Transcript (may contain errors)
Harold Lee (John Cho): Do we have the right to make a phone call?
Ron Fox (Rob Corddry): Oh, oh yeah. Oh yeah. I'm sorry. You want rights now? You want freedoms right now? Is it time ... is it freedom o'clock?
Guess what? Where you guys are going, they have never even heard of rights.
Harold: Well, where are we going?
Jonathan M. Katz: Hello, you are listening to The Racket, a newsletter and podcast, which you can also find online at theracket.news, that's dot N-E-W-S. I am Jonathan M. Katz and I've got a really cool episode of the podcast newsletter for you here today.

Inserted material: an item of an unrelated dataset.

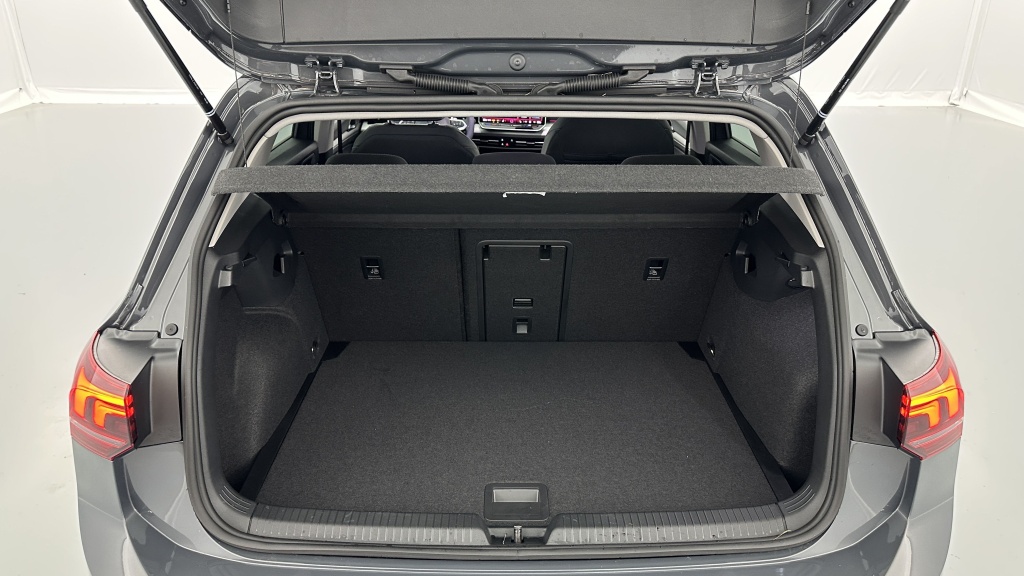 VOLKSWAGEN Golf 1.5 eTSI EVO2 115ch Edition DSG7 - ref: 8-GLI00001756 - Photo 10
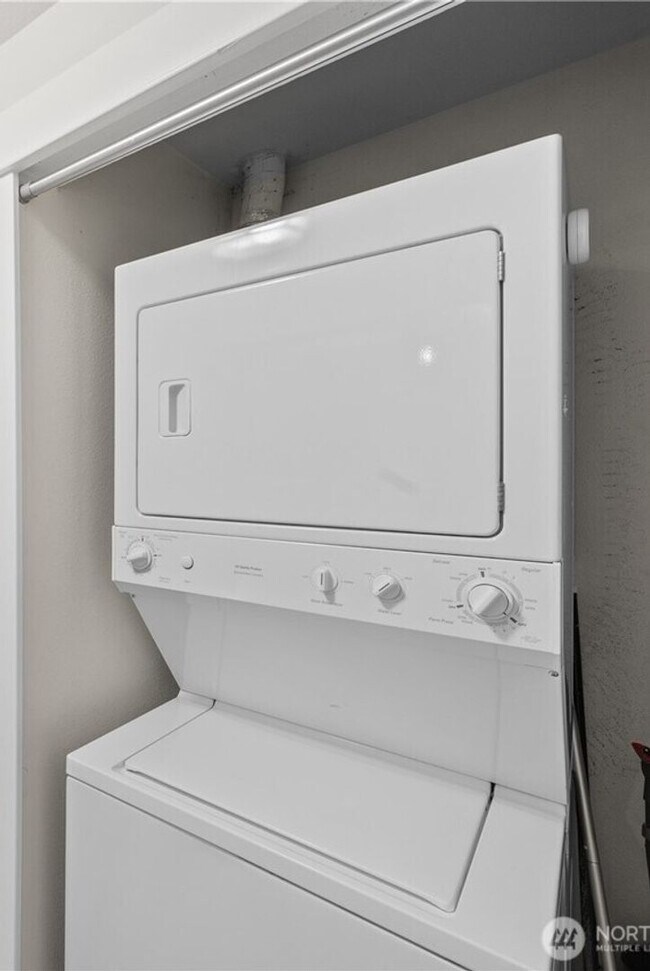 Building Photo - Beautifully updated 1 bedroom next to Bitt...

So this is part of the run up to the release of Gangsters of Capitalism, my book, which comes out on January 18th. Go pre-order it if you have not pre-ordered it yet. There's a lot going on as we move into pub date. The first excerpt is up at Rolling Stone. You can go read it right now at rollingstone.com. It is about the main figure in my book, the Marine Smedley Butler and his foiling of an alleged 1934 fascist coup to overthrow Franklin Roosevelt, which has a lot of very clear tie-ins to the crises of democracy that are happening today and January 6th, and all those things.
For those of you who are not familiar, Smedley Butler was a Marine who fought in basically every overseas war, invasion, occupation of the early 20th century. And the book looks at Butler's life to understand American empire, both from our perspective and the perspective of the people whose countries we've invaded. It's, I think, a fascinating book. I think you're really going to enjoy it.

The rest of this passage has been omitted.